According to surveys conducted by the Financial Times in China, wealthy Chinese want to invest around 30 percent of their assets abroad, with the United States being the preferred destination. Right now, Credit Suisse estimates Chinese household wealth to be in the region of $29 trillion. And this does not include Chinese companies who are buying everything from foreign companies that fit their strategic needs just to get money out of the country.
It’s important to note that this analysis is only mathematically valid in a two-nation world economy. If other trading partners were involved, U.S. consumers could source products from other countries, the global U.S. trade deficit would not be reduced as much, and the yuan would not fall as much.

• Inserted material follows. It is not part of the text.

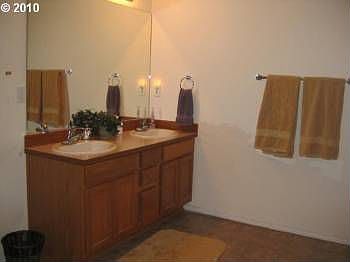 2nd image of 16007 NE 75th Ct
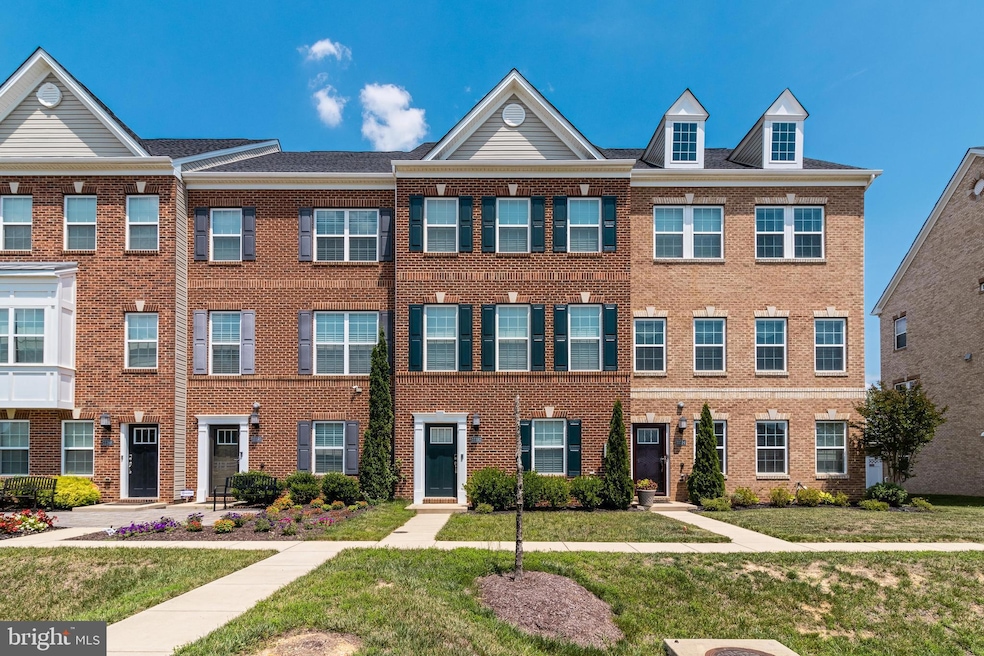 11192 Saint Luke Dr, White Plains, MD 20695 - photo 1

However, considering the Trump administration wants to reduce the global trade deficit, the analysis becomes valid again, although it is impossible to calculate the impact on all different exchange rate. The only conclusion: If asset allocation preferences around the world don’t shift and the trade deficit with the rest of the world goes down, the dollar would go up. By how much against which rate is impossible to say.
In the two nation world economy case, the adjustment would wreak havoc with the Chinese regime’s careful plans to centrally manage its currency, which is the biggest reason the Chinese would want to test the waters first with a $70 billion increase in imports and a corresponding reduction in the trade surplus.
Even in the multilateral word economy scenario, adjustments would take time and exchange rate volatility would increase, although the effects would wear off eventually.
Interestingly enough, tariffs on Chinese goods would lead to a much similar result. They make Chinese goods more expensive in dollar terms and represent an artificial devaluation in the U.S. dollar. They would thus reduce the trade deficit by limiting Chinese exports to the United States.
What they would not do is limit the amount of capital demanded by the Chinese for U.S. assets. And unless the tariff also includes a surcharge on Chinese investment in the United States (an artificial boost to the U.S. dollar), we would be confronted with similar exchange rate dynamics as in the example above.
In either case, absent significant changes in U.S. industrial policy and capital goods accumulation, the currency is the only variable to make the United States better off on world markets both from a production and a consumption perspective.
The deal won’t boost U.S. exports and industrial production, but the trade deficit will be reduced and U.S. consumers would get more bang for their buck. So as unlikely as the full $200 billion reduction is about to happen, from a U.S. perspective it may be worthwhile.